For any linear forest H, we can define two geometric parameters that intuitively describe computational requirements: The width w(H) of the forest is the number of nontrivial components - i.e., the number of connected components of H \ {isolated points}. This gives a lower bound on the number of path-processors required to implement the computation. Also, we can take the length l(H) of a linear forest as a function of the lengths of its components - distinguishing especially the L_1, L_2 and L_{oo} norms obtained by either summing, square-rooting the sum of squares, or maximizing, resp. For now, we focus on L_{oo} and invite the reader to work out the L_1 and L_2 cases for itself.
Suppose that a path-processor can only handle tau steps along the path in a time-frame. Signal moves across each edge only when its turn has come in the particular path-processor segment. If l(H) measured in L_{oo} norm satisfies UF(l(H)/tau) = u, then the entire graph H can be computed using at most u * w(H) path-processors.

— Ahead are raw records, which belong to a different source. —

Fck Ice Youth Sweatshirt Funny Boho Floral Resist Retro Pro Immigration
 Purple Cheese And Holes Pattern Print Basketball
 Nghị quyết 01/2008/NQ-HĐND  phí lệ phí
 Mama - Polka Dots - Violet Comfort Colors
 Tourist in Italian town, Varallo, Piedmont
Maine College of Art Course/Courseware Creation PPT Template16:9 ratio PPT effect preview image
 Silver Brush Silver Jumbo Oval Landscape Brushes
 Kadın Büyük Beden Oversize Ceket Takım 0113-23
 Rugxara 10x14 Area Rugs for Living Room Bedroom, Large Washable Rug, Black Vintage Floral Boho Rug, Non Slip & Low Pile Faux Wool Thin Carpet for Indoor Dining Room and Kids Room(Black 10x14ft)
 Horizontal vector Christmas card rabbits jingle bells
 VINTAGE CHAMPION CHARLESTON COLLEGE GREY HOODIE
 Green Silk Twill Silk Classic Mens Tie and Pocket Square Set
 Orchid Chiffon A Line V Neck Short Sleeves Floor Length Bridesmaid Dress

If G is decomposed into t linear forests, with r_i nontrivial components for the i-th linear forest G_i, 1 <= i <= t, then, putting w = max w(G_i) = max r_i and l = max l(G_i), clearly |OPT(G)| <= w * l, where |OPT(G)| denotes the result of the best possible arrangement of edges in G into linear forests that minimizes number of path-processors required. In fact, it is also clear that even if we minimize over all possible partitions of edges into linear forests (not just those achieving a minimum number of linear forests) the minimum number of processors used cannot be below m/tau which would itself be unlikely to hold due to the rarity of no round-off error.
I think there are a couple of interesting theorems in this direction and will be glad to provide advice to any interested student.
*** end of digression Dr. Chang will teach the two classes immediately following the Spring break, on March 11,13; there may be a quiz! Read the first section of Chapter 3 and do problems 2,4,5,6,8 and 9 on p.118.
For Friday, (1) remember to bring the homework (which I forgot to collect today ;-) and (2) see if you can find the ``forbidden subgraphs'' which characterize outerplanar graphs. Recall that today I asserted that G is planar if and only if G has no subgraph homeomorphic to K_5 or K_3,3. That is, K_5 and K_3,3 are the forbidden subgraphs characterizing planarity.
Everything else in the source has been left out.